Nós temos um cariz liberal na organização, vamos falar para pessoas que também têm um pensamento liberal, mas aquilo não sai dali. Nós temos tentado sair daí, trabalhamos para as massas, até por um motivo: Queremos mudar o país, queremos mudar o país também politicamente. O país não se muda com a marcação de uma reunião com o Primeiro-Ministro António Costa, ou com qualquer ministro. Eles já ouviram várias ideias, Da direita à esquerda, mais liberais, menos liberais. O país muda, mudando a sociedade. E é por isso que o país muda, fazendo ver a sociedade que determinadas políticas são mais eficazes do que as outras. E isso não acontece se fechar num auditório um conjunto de intelectuais, um conjunto de membros muito restritos…
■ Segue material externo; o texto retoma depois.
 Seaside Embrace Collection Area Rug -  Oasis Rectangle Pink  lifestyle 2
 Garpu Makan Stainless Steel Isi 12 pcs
…e já todos pensam o mesmo…

..e saem dali satisfeitos porque os outros também pensam o mesmo. e na realidade vivem numa bolha porque aquilo não muda nada. Não… o que é que podemos fazer para mudar a sociedade? Por isso é que a nossa presença nas redes sociais é tão significativa, a população, quase todas, está lá, e conseguimos sair das bolhas, discute o que partilhamos, reflete, pode concordar mais ou menos. É por aí que as coisas mudam. Queremos chegar à sociedade, independentemente do seu nível socioeconómico, e não ser mais uma organização, muito gira, que funciona dentro de bolha, um conjunto de intelectuais todos convencidos que têm razão. Não é por aí que mudamos a sociedade.